Putting Potential Returns in Perspective
To put the potential returns from REITs in India in perspective, consider how they compare to those in other countries. Typical returns on commercial properties in the best American markets are usually between four and five percent. By contrast, the average in India is seven to nine percent, with some returns reaching 13 percent.
It Will Benefit Indians as Well
The predicted rise in real estate investments in India will also benefit Indians. Because foreign investments were previously rare, most of the current investments are from Indians. Those shareholders and property owners stand to see high returns on their investments as the demand increases.
There will also likely be an increase in demand for Indian fund managers to serve as managers or directors for these trusts. After all, they should be more familiar with Indian corporate taxes and other regulations than foreign investors.
On top of that, Indians who want to invest in REITs will find themselves with a more seamless experience, stemming from the fact that international fund managers with decades of experience will enter the Indian market. Essentially, Indian investors will have access to more professional and experienced management.
Who the Real Estate Investment Opportunities Will Attract?
The new REIT opportunities will likely attract a range of investors, both funds and individuals. Experts predict that pension funds around the world will be particularly interested as most of these funds have guaranteed minimum returns. Despite that, many have struggled to reach those promised returns. They will likely see Indian real estate as the perfect opportunity.
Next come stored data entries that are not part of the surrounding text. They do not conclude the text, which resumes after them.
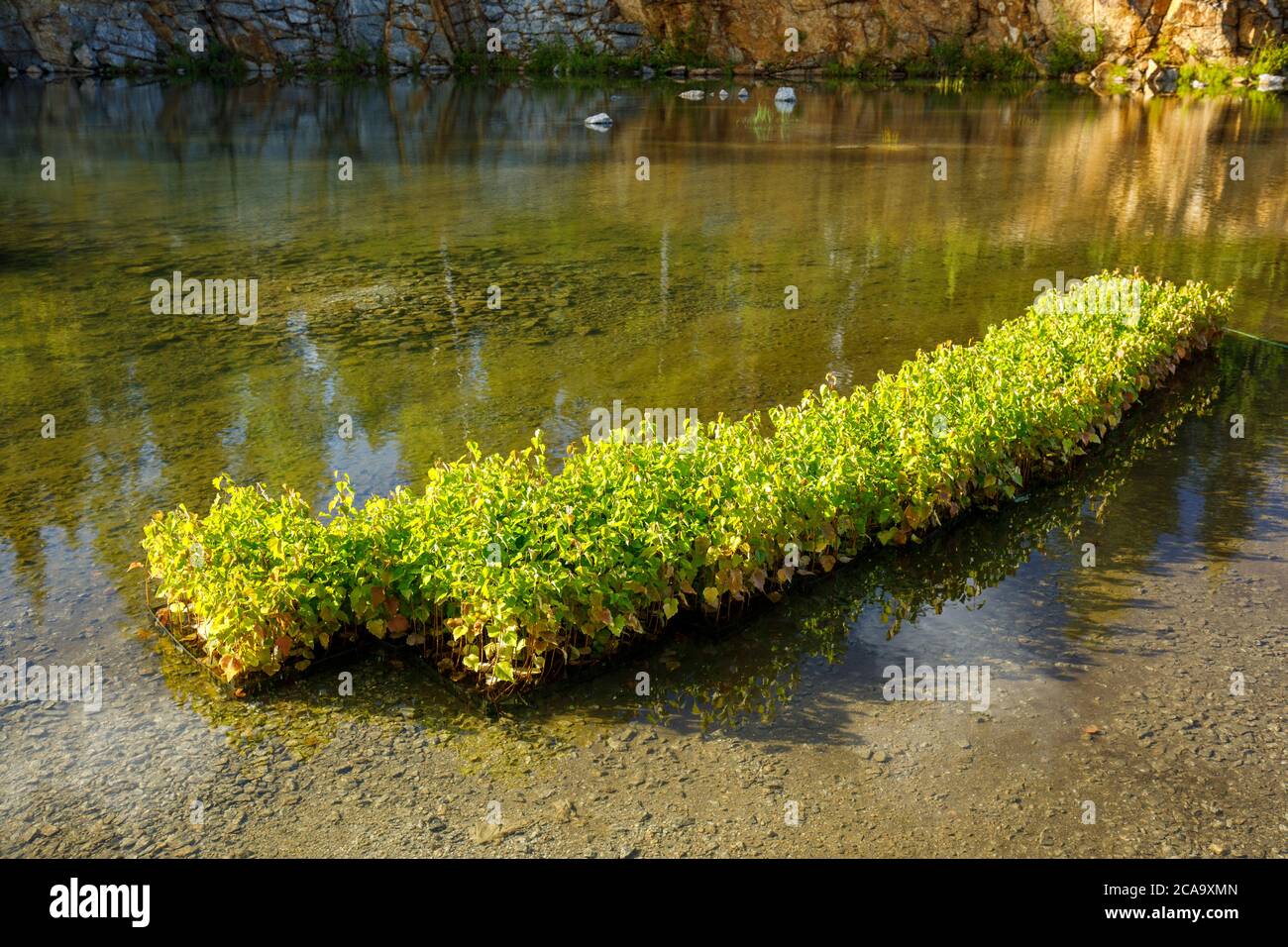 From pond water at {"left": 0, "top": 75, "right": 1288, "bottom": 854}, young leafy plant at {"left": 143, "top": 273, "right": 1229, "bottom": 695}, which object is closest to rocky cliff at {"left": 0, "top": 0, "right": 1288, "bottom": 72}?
pond water at {"left": 0, "top": 75, "right": 1288, "bottom": 854}

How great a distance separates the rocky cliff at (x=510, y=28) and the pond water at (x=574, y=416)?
2256 centimetres

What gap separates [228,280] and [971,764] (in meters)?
11.9

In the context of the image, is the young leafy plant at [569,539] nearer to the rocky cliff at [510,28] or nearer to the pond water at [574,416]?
the pond water at [574,416]

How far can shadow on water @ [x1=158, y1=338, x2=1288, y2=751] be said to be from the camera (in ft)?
20.1

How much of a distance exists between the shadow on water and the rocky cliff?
41.0 metres

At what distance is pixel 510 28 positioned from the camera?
161ft

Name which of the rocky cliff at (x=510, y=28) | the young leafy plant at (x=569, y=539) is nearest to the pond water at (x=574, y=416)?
the young leafy plant at (x=569, y=539)

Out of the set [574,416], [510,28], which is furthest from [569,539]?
[510,28]

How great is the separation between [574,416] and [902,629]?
420 cm

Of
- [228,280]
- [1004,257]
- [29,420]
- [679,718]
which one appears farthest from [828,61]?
[679,718]

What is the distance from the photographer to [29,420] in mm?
10141

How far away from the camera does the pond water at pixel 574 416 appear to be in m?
5.70

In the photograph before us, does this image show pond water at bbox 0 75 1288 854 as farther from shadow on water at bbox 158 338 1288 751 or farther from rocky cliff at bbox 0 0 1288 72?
rocky cliff at bbox 0 0 1288 72

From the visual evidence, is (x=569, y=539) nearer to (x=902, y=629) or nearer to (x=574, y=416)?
(x=902, y=629) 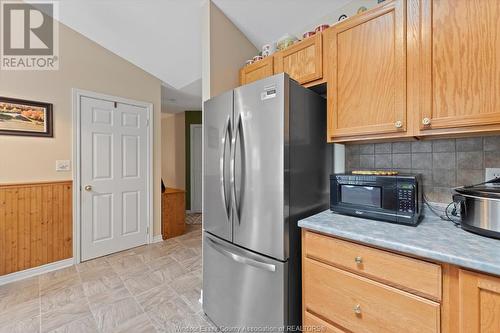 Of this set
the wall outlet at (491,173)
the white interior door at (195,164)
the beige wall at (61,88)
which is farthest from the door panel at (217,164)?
the white interior door at (195,164)

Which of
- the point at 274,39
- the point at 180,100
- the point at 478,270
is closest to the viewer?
the point at 478,270

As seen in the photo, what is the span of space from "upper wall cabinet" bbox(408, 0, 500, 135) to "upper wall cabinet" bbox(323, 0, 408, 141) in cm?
8

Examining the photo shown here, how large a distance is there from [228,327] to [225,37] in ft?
7.40

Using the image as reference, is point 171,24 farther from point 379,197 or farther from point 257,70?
point 379,197

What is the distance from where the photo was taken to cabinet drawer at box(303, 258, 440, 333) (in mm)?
900

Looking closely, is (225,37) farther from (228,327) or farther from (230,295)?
(228,327)

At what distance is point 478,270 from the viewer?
78 cm

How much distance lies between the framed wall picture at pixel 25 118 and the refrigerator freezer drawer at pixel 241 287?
7.52 feet

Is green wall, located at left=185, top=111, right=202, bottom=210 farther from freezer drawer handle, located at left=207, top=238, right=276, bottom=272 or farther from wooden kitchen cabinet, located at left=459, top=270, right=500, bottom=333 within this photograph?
wooden kitchen cabinet, located at left=459, top=270, right=500, bottom=333

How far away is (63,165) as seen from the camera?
8.78ft

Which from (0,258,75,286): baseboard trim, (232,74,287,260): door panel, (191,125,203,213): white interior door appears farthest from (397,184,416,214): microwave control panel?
(191,125,203,213): white interior door

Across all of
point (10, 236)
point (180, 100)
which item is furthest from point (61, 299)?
point (180, 100)

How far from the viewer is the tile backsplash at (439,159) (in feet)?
4.21

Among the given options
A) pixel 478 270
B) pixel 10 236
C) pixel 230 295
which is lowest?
pixel 230 295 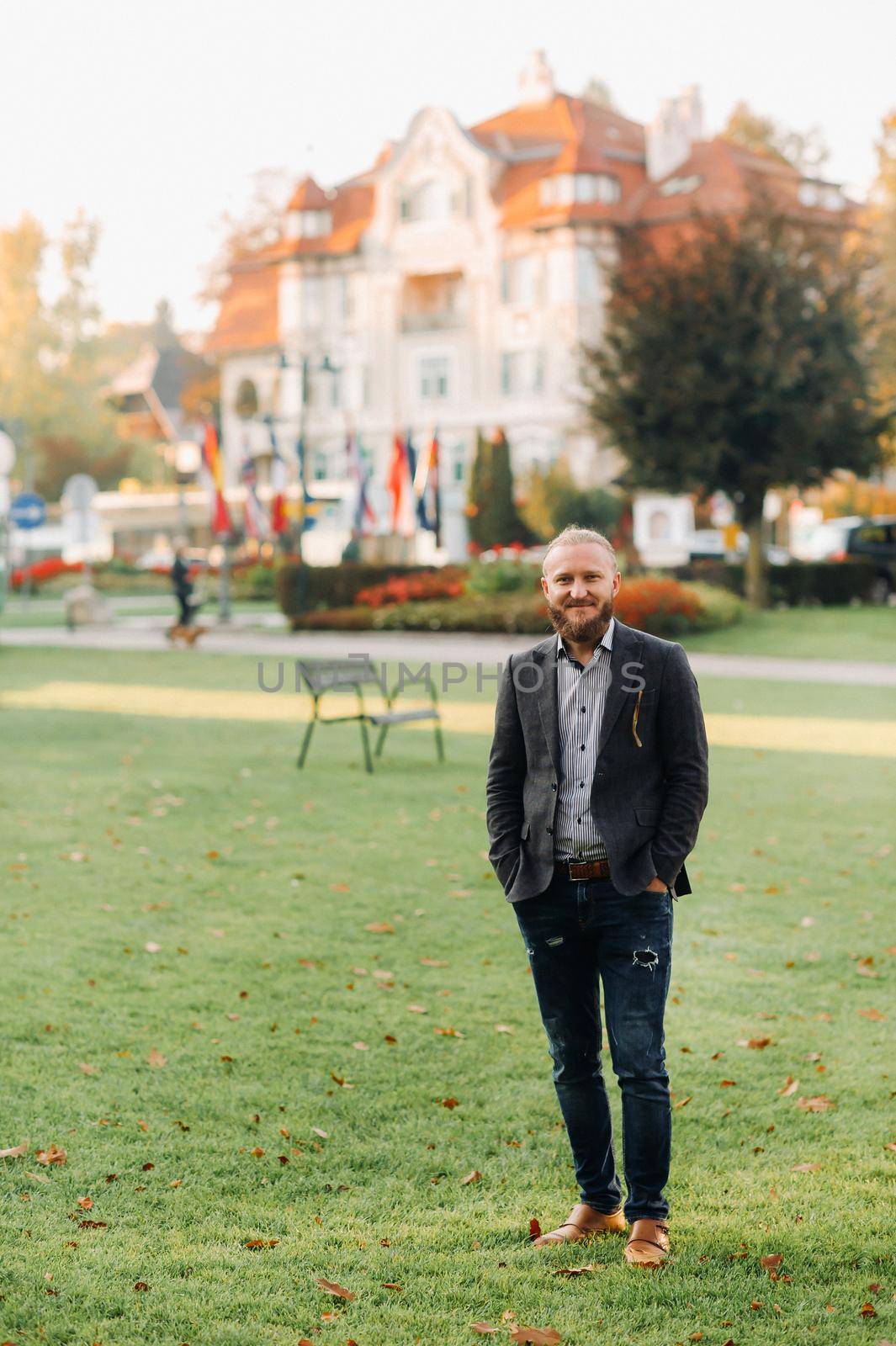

Conveniently for India, these funds already have experience investing in REITs. They simply have not yet invested in them in India, though they have done so in their own countries.
Investors will also appreciate the strict standards for REIT listing norms. These include more than enough checks and balances to reassure investors.
REITs Have Already Arrived
The prediction of an increase in Indian real estate investment is not just speculation: There are already at least three established REITs. These include the Embassy Office Parks REIT, Brookfield Real Estate Investment Trust, and Mindspace Business Parks REIT. The first of these is already the biggest REIT on the continent.